И Ступач не выдержал, с презрением глянул на полицая.
— Замолчи, шут гороховый, я был и до смерти останусь советским человеком.
Степочка сначала растерялся:
— Советским? Как это понимать?.. А-а-а! А ну, к двери! Увидим, как на допросах заиграет твоя шкура. Мы из тебя быстро сделаем тень! Видишь, немцы везут в Москву мрамор для монумента победителям и навалом везут железные кресты, а тут кто-то о советском думает.
Бондаренко насмешливо перебил Магазанника:
— Подожди о мраморе и крестах.
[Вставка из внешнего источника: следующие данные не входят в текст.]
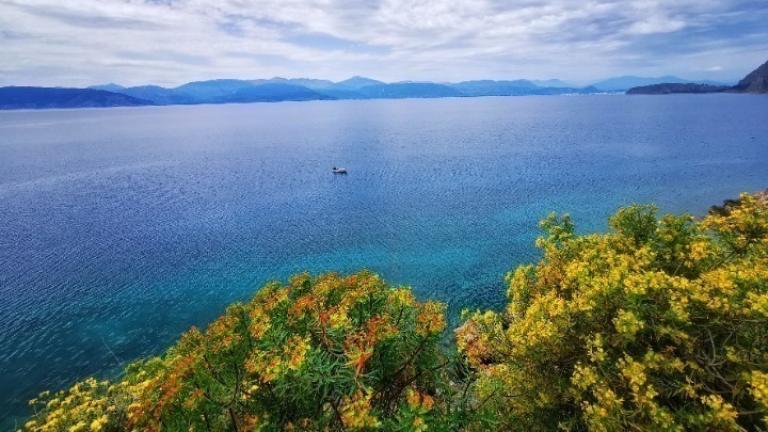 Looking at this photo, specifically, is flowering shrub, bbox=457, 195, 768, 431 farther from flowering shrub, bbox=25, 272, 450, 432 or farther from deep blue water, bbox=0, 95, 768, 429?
deep blue water, bbox=0, 95, 768, 429

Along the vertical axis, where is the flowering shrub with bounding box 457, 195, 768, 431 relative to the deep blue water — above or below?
above

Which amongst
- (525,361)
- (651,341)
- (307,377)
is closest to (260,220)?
(525,361)

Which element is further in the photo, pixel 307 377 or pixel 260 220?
pixel 260 220

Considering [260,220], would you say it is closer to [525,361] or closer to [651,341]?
[525,361]

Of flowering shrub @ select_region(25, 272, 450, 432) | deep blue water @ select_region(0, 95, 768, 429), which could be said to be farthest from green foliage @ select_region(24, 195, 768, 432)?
deep blue water @ select_region(0, 95, 768, 429)

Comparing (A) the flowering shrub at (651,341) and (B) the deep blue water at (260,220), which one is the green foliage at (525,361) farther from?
(B) the deep blue water at (260,220)

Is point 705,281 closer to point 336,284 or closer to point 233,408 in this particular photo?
point 336,284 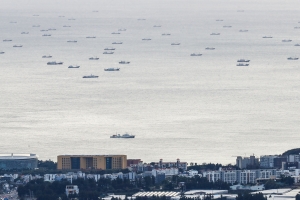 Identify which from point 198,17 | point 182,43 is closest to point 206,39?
point 182,43

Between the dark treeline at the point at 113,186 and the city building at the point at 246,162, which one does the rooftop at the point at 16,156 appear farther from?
the city building at the point at 246,162

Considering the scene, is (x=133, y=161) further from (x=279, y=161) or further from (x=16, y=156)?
(x=279, y=161)

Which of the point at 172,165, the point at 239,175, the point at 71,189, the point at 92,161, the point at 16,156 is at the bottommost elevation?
the point at 71,189

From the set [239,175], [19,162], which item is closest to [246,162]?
[239,175]

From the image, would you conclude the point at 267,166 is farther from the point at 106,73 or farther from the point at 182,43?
the point at 182,43

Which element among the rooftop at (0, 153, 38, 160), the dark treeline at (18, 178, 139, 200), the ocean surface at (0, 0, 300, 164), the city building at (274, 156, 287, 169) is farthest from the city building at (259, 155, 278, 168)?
the rooftop at (0, 153, 38, 160)

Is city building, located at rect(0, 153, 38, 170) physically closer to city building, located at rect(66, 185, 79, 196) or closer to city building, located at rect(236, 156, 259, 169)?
city building, located at rect(236, 156, 259, 169) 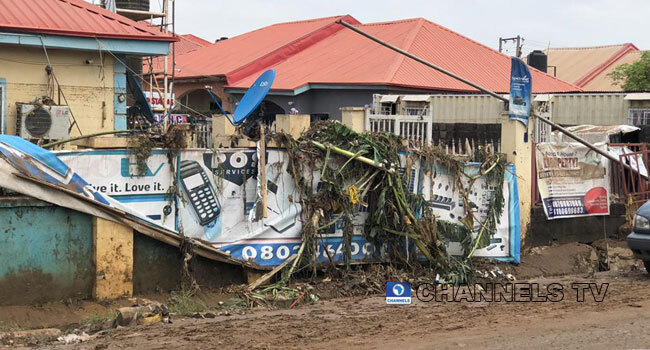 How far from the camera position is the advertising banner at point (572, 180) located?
13695 mm

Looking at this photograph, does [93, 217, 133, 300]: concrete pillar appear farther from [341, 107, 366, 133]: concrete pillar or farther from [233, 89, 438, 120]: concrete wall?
[233, 89, 438, 120]: concrete wall

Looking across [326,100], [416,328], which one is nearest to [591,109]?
[326,100]

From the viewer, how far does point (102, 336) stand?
815 cm

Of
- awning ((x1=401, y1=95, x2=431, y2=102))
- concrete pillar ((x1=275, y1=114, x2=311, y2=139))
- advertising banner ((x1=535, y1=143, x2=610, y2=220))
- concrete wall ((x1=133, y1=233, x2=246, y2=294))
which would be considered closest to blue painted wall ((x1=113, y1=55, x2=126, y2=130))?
concrete pillar ((x1=275, y1=114, x2=311, y2=139))

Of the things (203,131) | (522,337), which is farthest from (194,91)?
(522,337)

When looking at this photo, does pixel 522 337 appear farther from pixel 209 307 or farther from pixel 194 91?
pixel 194 91

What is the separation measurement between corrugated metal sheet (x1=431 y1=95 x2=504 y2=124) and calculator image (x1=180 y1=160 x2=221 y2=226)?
10.9 m

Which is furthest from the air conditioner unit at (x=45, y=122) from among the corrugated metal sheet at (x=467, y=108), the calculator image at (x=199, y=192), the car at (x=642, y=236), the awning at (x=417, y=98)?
the awning at (x=417, y=98)

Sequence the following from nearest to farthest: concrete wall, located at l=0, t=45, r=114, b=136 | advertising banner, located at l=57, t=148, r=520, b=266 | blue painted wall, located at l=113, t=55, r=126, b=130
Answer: advertising banner, located at l=57, t=148, r=520, b=266
concrete wall, located at l=0, t=45, r=114, b=136
blue painted wall, located at l=113, t=55, r=126, b=130

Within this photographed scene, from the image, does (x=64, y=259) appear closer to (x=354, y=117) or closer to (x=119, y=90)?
(x=354, y=117)

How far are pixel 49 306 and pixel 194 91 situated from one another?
90.4ft

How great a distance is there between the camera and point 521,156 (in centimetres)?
1304

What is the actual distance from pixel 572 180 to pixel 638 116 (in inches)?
271

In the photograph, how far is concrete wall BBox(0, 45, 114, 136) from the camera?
14.6 meters
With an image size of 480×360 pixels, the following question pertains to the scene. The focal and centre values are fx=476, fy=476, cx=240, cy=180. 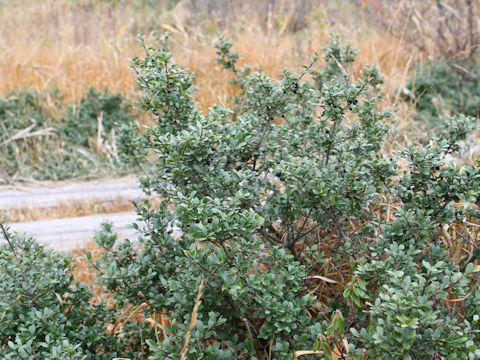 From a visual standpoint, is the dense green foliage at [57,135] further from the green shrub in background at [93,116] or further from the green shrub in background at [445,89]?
the green shrub in background at [445,89]

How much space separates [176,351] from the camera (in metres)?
1.48

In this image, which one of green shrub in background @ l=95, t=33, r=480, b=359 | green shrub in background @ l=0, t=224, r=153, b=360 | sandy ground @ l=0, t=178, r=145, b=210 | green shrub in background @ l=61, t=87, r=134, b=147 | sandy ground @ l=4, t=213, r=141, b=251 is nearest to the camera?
green shrub in background @ l=95, t=33, r=480, b=359

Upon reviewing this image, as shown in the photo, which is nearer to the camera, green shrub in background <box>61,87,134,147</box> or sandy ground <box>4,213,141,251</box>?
sandy ground <box>4,213,141,251</box>

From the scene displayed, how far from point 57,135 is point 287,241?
3982 mm

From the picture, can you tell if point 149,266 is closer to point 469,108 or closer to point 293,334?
point 293,334

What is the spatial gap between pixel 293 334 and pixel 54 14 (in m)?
10.2

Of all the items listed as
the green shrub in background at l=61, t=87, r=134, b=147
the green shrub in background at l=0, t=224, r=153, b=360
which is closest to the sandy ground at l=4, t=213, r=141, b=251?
the green shrub in background at l=0, t=224, r=153, b=360

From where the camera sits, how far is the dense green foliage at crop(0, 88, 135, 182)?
4836 millimetres

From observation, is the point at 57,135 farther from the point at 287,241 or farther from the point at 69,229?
the point at 287,241

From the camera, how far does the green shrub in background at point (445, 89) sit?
16.2 ft

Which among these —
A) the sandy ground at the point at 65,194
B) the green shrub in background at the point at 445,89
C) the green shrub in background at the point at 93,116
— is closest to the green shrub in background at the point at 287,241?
the sandy ground at the point at 65,194

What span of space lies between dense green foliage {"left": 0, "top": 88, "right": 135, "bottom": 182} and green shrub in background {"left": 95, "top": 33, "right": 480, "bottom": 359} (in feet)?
9.77

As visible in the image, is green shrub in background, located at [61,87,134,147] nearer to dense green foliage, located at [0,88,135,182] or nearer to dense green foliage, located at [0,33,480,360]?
dense green foliage, located at [0,88,135,182]

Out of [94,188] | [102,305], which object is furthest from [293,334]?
[94,188] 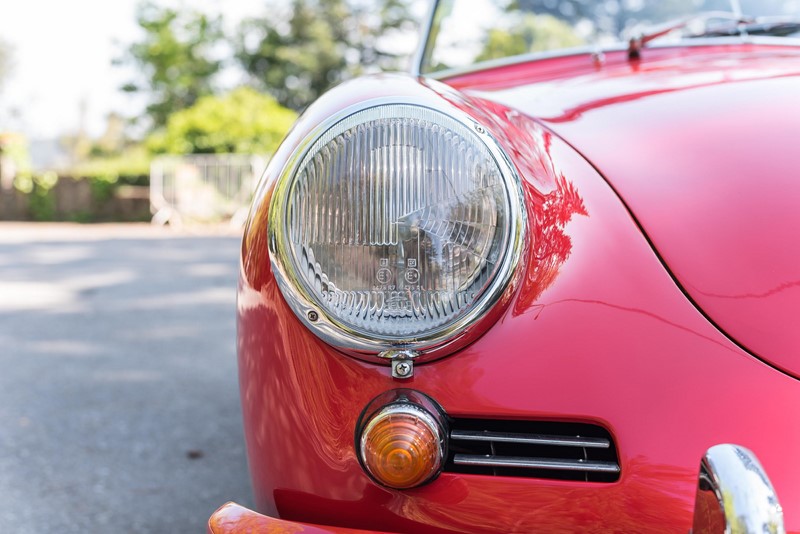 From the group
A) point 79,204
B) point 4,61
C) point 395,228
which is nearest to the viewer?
point 395,228

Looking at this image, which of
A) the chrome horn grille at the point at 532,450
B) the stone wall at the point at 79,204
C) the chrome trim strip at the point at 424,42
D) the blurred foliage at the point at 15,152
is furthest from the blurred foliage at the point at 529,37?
the blurred foliage at the point at 15,152

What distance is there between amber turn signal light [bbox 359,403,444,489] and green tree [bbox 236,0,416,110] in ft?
99.3

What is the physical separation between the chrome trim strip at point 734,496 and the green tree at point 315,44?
30.4 metres

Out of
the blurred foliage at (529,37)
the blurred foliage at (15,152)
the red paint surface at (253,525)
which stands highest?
the blurred foliage at (15,152)

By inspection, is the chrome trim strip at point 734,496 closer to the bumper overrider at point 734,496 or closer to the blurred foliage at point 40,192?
the bumper overrider at point 734,496

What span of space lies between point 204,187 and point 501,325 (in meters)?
14.5

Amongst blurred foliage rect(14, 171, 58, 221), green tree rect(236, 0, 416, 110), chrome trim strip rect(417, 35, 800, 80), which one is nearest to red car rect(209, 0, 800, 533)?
chrome trim strip rect(417, 35, 800, 80)

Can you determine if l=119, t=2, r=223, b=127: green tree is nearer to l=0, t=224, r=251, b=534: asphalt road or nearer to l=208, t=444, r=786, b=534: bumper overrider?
l=0, t=224, r=251, b=534: asphalt road

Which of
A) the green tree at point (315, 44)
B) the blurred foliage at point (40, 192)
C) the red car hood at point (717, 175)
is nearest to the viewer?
the red car hood at point (717, 175)

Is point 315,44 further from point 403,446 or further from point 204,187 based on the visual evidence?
point 403,446

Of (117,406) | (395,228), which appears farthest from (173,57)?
(395,228)

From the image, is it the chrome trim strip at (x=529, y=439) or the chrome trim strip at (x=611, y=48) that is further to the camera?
the chrome trim strip at (x=611, y=48)

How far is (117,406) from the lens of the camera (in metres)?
2.94

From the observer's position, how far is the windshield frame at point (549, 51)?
77.0 inches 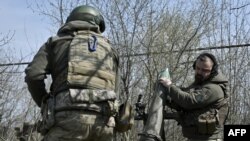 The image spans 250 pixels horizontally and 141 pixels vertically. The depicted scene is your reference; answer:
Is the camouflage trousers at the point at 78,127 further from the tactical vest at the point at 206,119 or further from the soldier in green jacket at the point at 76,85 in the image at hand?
the tactical vest at the point at 206,119

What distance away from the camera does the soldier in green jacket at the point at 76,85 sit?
4.59 m

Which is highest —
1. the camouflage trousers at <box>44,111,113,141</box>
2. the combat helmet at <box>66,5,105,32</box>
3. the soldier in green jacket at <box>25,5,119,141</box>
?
the combat helmet at <box>66,5,105,32</box>

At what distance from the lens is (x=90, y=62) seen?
479 centimetres

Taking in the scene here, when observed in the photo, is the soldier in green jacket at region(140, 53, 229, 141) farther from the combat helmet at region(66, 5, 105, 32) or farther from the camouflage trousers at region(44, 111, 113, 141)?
the combat helmet at region(66, 5, 105, 32)

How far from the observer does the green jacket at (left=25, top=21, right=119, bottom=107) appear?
475 cm

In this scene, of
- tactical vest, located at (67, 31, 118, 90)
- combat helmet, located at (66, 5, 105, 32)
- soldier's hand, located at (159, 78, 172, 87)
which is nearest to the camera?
tactical vest, located at (67, 31, 118, 90)

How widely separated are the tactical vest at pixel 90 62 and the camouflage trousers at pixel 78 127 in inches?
11.4

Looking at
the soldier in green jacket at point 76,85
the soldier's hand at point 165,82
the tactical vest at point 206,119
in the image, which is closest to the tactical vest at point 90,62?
the soldier in green jacket at point 76,85

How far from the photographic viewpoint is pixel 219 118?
4.87 metres

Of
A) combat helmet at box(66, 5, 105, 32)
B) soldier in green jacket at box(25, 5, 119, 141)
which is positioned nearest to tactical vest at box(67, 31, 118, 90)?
soldier in green jacket at box(25, 5, 119, 141)

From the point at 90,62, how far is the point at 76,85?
0.28m

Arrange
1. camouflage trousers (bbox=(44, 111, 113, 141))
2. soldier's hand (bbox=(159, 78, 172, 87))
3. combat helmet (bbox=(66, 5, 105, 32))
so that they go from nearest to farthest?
camouflage trousers (bbox=(44, 111, 113, 141))
soldier's hand (bbox=(159, 78, 172, 87))
combat helmet (bbox=(66, 5, 105, 32))

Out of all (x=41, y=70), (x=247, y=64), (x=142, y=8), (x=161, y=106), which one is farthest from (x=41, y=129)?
(x=247, y=64)

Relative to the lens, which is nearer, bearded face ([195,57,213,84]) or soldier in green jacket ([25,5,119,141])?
soldier in green jacket ([25,5,119,141]) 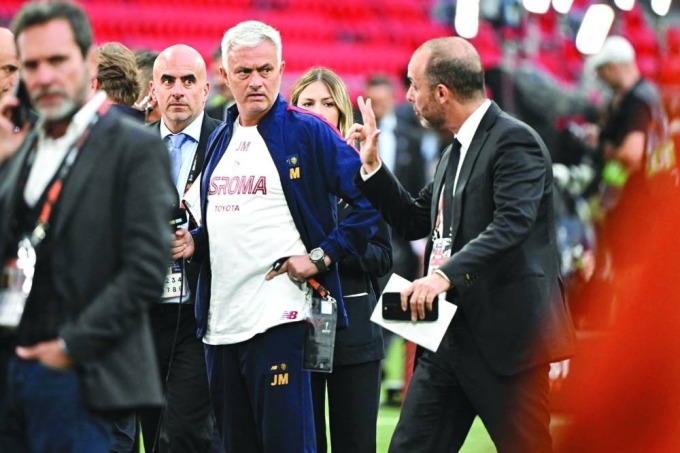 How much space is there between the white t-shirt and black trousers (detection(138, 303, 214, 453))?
26.5 inches

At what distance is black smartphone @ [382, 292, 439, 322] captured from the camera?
16.6 feet

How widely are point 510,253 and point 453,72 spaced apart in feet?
2.52

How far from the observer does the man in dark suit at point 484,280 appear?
505 cm

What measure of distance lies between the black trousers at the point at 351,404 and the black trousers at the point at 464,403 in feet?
2.21

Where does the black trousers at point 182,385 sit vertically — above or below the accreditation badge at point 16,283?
below

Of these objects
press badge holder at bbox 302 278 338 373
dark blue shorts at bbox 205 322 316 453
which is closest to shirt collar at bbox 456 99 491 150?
press badge holder at bbox 302 278 338 373

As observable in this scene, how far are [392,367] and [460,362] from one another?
6.97 m

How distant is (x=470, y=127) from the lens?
5.32m

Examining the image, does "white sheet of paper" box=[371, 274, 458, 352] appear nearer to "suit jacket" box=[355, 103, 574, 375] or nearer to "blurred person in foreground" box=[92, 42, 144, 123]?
"suit jacket" box=[355, 103, 574, 375]

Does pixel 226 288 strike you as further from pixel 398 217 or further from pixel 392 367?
pixel 392 367

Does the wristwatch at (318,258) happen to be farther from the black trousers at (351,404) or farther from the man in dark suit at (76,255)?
the man in dark suit at (76,255)

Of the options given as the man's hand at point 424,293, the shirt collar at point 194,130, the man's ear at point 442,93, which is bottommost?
the man's hand at point 424,293

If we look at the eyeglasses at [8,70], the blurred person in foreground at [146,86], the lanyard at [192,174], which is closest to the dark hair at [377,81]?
the blurred person in foreground at [146,86]

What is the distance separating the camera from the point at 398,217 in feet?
18.6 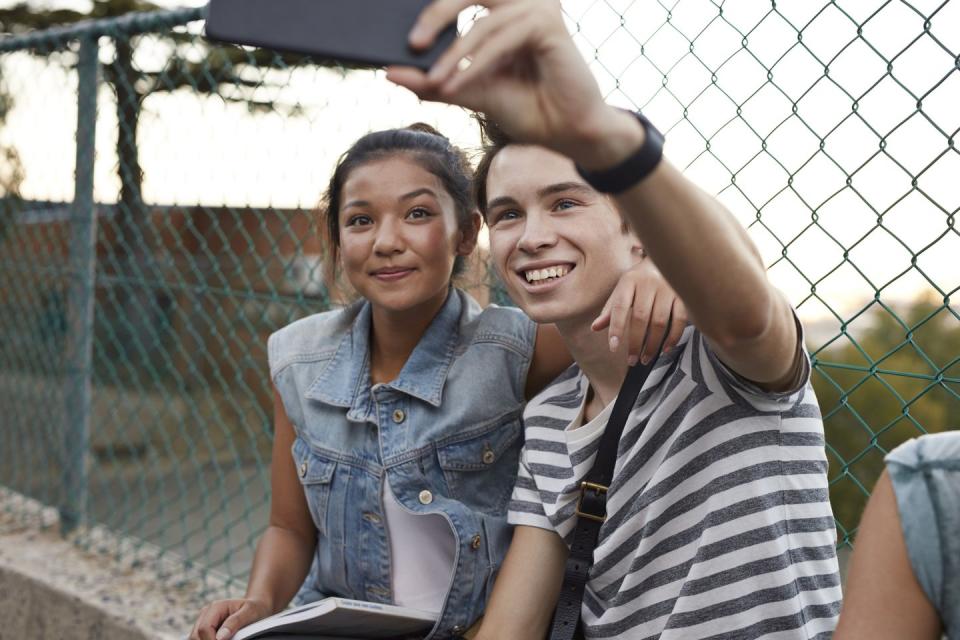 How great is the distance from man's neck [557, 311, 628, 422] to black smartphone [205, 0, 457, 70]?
0.88 metres

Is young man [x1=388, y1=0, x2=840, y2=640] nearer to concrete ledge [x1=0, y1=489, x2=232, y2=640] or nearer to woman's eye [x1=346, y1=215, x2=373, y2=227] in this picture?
woman's eye [x1=346, y1=215, x2=373, y2=227]

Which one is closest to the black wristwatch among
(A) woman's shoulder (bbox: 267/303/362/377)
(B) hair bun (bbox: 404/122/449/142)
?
(B) hair bun (bbox: 404/122/449/142)

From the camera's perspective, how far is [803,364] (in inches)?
54.4

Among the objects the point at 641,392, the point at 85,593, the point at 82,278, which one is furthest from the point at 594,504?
the point at 82,278

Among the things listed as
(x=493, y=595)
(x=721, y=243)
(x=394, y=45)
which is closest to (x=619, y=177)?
(x=721, y=243)

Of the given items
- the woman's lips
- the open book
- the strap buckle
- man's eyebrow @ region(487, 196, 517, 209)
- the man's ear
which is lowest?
the open book

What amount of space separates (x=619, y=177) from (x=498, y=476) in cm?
117

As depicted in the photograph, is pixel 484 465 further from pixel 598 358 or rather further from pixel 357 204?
pixel 357 204

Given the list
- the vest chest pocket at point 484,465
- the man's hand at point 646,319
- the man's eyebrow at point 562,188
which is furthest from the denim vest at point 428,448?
the man's hand at point 646,319

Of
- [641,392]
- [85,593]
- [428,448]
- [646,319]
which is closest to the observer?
[646,319]

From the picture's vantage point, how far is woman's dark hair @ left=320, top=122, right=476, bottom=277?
2123mm

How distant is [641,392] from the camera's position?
1.64 metres

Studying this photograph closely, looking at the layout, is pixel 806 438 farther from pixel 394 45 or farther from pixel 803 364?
pixel 394 45

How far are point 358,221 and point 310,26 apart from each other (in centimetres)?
120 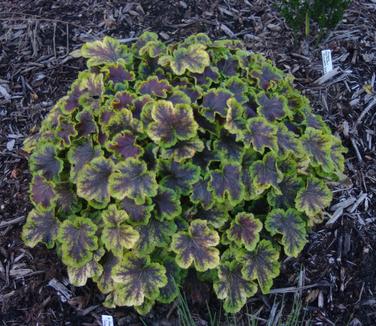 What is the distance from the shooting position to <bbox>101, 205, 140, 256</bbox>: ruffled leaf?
Answer: 218 cm

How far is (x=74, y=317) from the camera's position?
2.55m

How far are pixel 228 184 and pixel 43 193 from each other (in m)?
0.79

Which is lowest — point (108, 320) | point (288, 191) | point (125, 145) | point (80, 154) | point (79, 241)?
point (108, 320)

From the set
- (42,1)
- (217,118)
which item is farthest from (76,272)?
(42,1)

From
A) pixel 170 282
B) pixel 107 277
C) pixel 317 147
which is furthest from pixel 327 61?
pixel 107 277

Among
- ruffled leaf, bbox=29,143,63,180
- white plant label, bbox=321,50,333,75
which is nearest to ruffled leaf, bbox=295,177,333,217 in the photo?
ruffled leaf, bbox=29,143,63,180

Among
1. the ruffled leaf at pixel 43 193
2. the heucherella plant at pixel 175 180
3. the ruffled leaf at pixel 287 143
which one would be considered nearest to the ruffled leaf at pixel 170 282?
the heucherella plant at pixel 175 180

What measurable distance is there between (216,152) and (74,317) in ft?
3.37

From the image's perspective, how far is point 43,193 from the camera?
2367 millimetres

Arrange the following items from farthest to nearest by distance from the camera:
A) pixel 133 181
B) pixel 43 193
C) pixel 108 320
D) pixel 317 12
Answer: pixel 317 12 → pixel 108 320 → pixel 43 193 → pixel 133 181

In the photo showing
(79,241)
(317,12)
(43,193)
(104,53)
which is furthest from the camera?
(317,12)

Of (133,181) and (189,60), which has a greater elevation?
(189,60)

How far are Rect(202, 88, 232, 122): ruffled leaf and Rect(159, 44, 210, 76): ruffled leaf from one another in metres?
0.16

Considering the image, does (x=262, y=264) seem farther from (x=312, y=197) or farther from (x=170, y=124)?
(x=170, y=124) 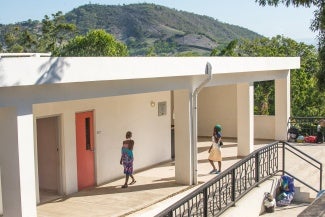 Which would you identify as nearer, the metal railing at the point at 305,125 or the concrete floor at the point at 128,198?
the concrete floor at the point at 128,198

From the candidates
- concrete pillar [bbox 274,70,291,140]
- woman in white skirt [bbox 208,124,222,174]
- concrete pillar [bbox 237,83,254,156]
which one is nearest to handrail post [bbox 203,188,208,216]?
woman in white skirt [bbox 208,124,222,174]

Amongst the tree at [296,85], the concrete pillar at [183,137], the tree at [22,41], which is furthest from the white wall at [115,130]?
the tree at [22,41]

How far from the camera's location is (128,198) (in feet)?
33.3

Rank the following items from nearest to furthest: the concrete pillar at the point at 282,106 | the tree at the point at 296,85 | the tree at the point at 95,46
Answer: the concrete pillar at the point at 282,106 → the tree at the point at 296,85 → the tree at the point at 95,46

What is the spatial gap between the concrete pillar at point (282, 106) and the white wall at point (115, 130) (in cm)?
546

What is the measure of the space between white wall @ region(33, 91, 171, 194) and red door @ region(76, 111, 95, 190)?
0.13m

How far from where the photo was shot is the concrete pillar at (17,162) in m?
6.87

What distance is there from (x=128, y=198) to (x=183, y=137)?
2134 millimetres

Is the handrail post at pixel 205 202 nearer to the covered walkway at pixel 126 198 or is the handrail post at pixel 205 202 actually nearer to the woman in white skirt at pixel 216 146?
the covered walkway at pixel 126 198

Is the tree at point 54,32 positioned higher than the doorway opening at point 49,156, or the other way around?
the tree at point 54,32

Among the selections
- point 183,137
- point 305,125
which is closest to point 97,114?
point 183,137

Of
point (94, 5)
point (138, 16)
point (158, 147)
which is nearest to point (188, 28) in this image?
point (138, 16)

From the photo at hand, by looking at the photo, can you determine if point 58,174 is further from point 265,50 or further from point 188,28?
point 188,28

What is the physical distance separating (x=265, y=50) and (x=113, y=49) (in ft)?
63.0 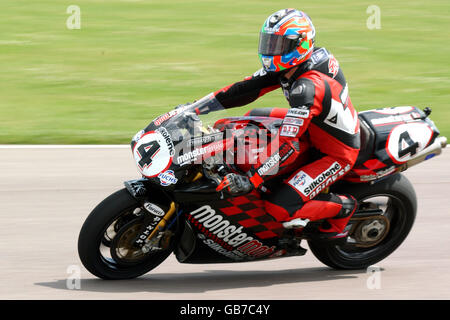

А ты случайно не подумал, что я имею больше прав на Ступача?
— Э, нет, это мой трофей.
— Я тебе, Степочка, за этот трофей дам откупного. По рукам?
Полицай задумался, потом махнул рукой:
— Где уж мое не пропадало, давай тысячу и делай с этим приблудным что хочешь.
Но теперь завопил Ступач:
— Степочка, не отдавай мою душу ему! Ты знаешь, он без соли съест меня.
— А меня личные счеты не интересуют, я человек государственный.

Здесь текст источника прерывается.